The possibility of violence was not completely ruled out. By 1968, violence was emerging at football games. At the start of the 1967/68 season, Geoffrey Green wrote a column in The Times noting how hooliganism on the terraces had become a ‘universal problem’.[15]

Weary of the potential for violence, The Official Swans Supporters’ News section of the match day programme issued an appeal to notably young supporters. They were asked not to run onto the playing area during the match and requested not to throw rolls of paper onto the pitch.

The violence inside the Vetch…

Inside the Vetch, it was apparent that a small but significant minority ignored the request to behave themselves. The game was stopped for two minutes whilst seven youths were led from the ground by police.
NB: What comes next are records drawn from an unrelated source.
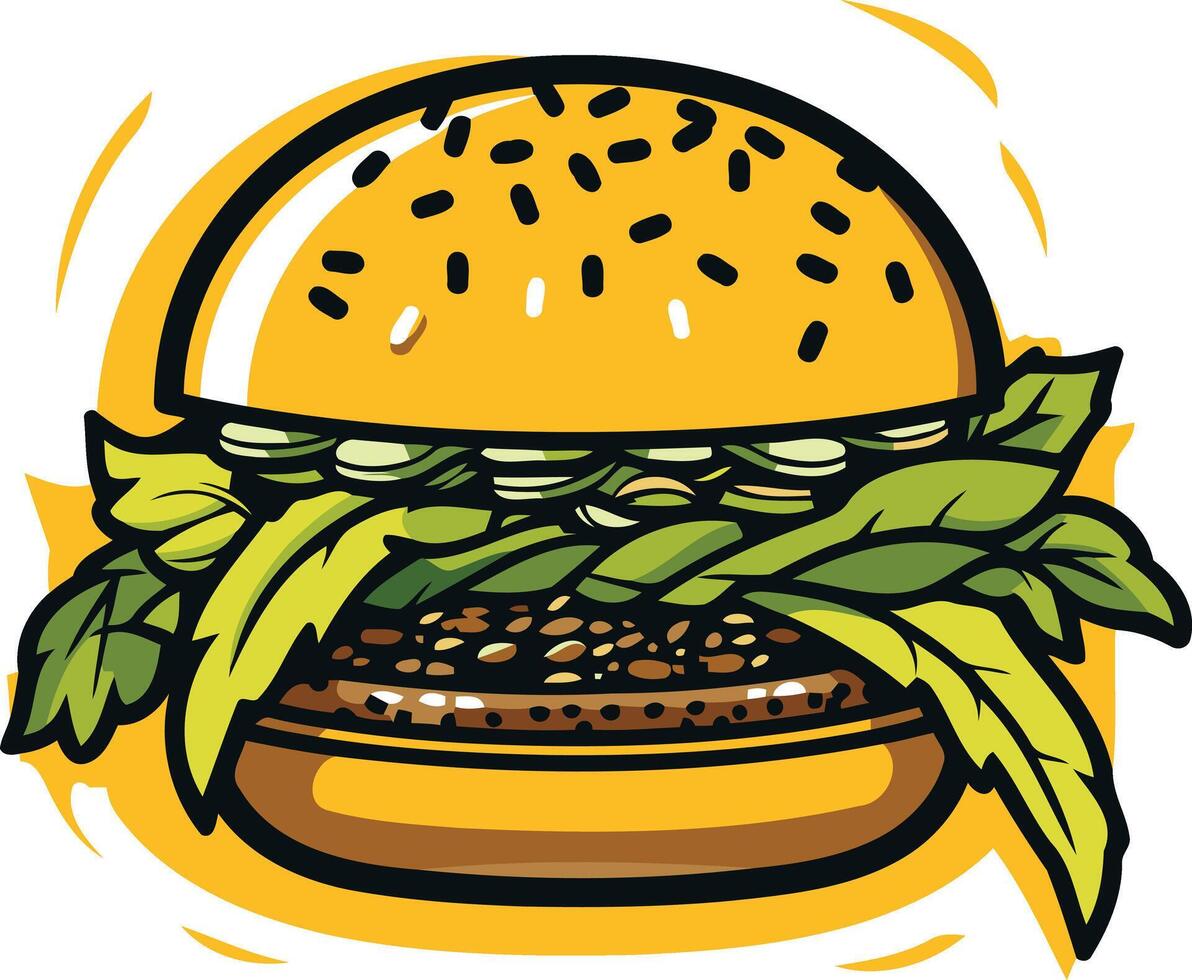 A cartoon illustration of a juicy burger with lettuce and sesame seeds on a bun, perfect for menus, social media, and food branding vector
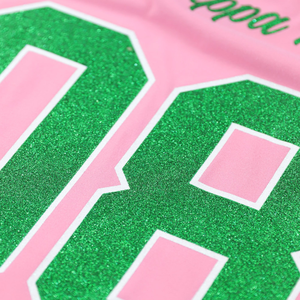 T-shirt AKA Glitter Dry Fit pour femme, rose, sororité grecque, évacuation de l'humidité, athlétique, décontracté, coupe élégante - Product Image 4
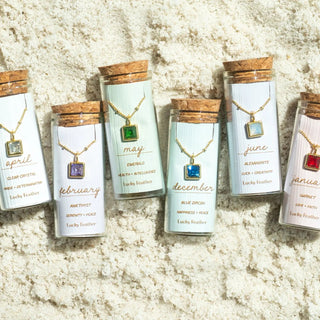 Bottled Birthstone Necklace Collection - Simply Sunflowers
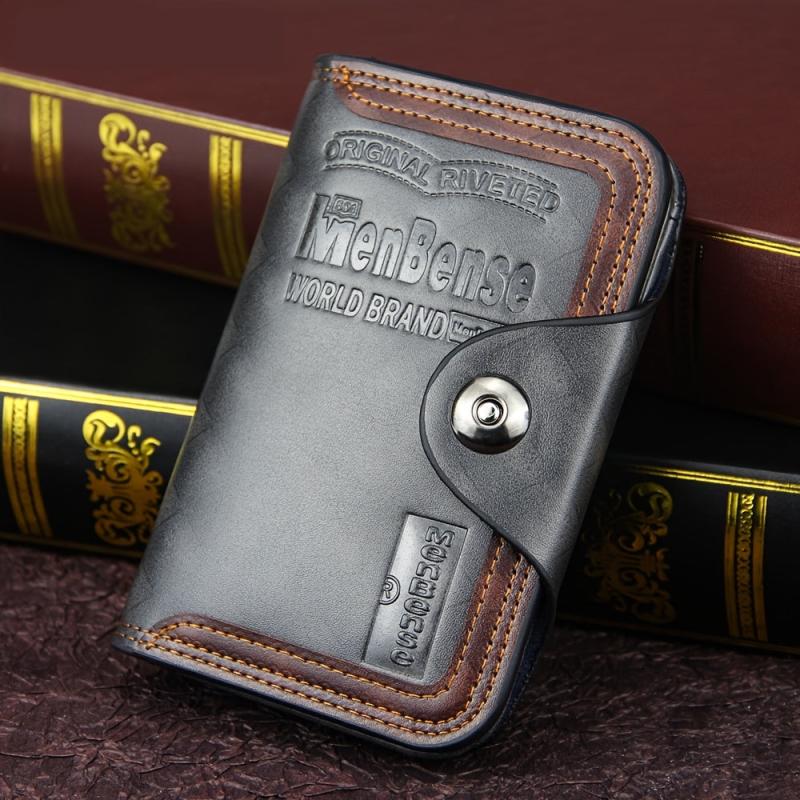 Men's Magnetic Snap Clutch Leather Wallet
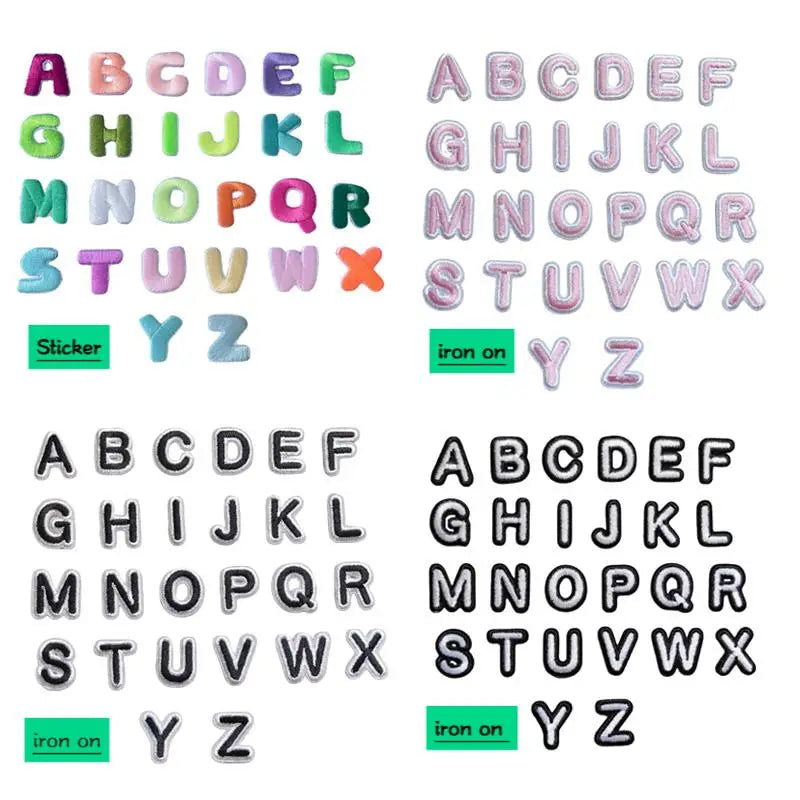 2.1cm Iron On/ Sticker  Backing  Embroidery pink Colorful   Mini Letter Number Patch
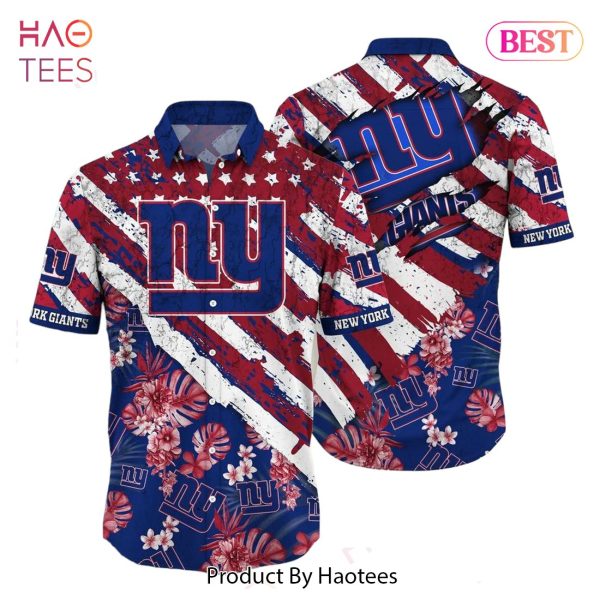 New York Giants NFL Hawaiian Shirt Floral Print American Flag Beach Shirt Short Style Summer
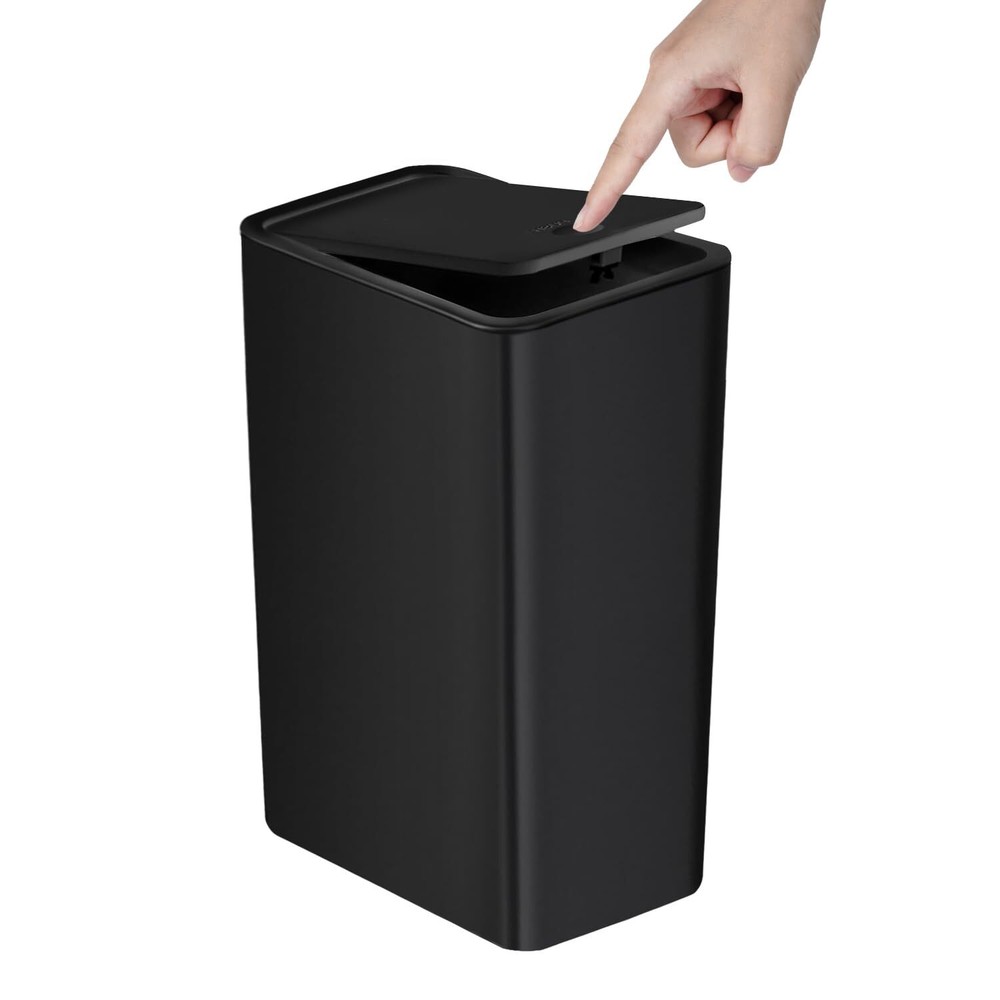 TIPGO Bathroom Trash Can with Lid, 10 Liter/ 2.6 Gallon Slim Garbage Can (Black)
Police helmets went flying when police went into the crowd to break up a fight between groups of youths.

youths dragged from field before start of second half

Youths dragged from the pitch before the start of the second half. Western Mail, 19 February 1968, p. 1.

The violence outside the Vetch…

Away from the Vetch, violence occurred throughout the streets of Swansea. Inside Swansea market plums, tomatoes and peaches were grabbed from stalls and used as ammunition in a wave of vandalism. One young girl working in the market was injured during the violence. A nuisance was reported in the British Home Stores on Oxford Street. A group, thought to be Arsenal fans, attacked a number of programme sellers in the town. They made off with an estimated £20 worth of programmes. On reflection, Billy Lucas, Swansea manager, felt someone had to ‘crack down on this madness’.[16]

Other accounts of violence the same weekend…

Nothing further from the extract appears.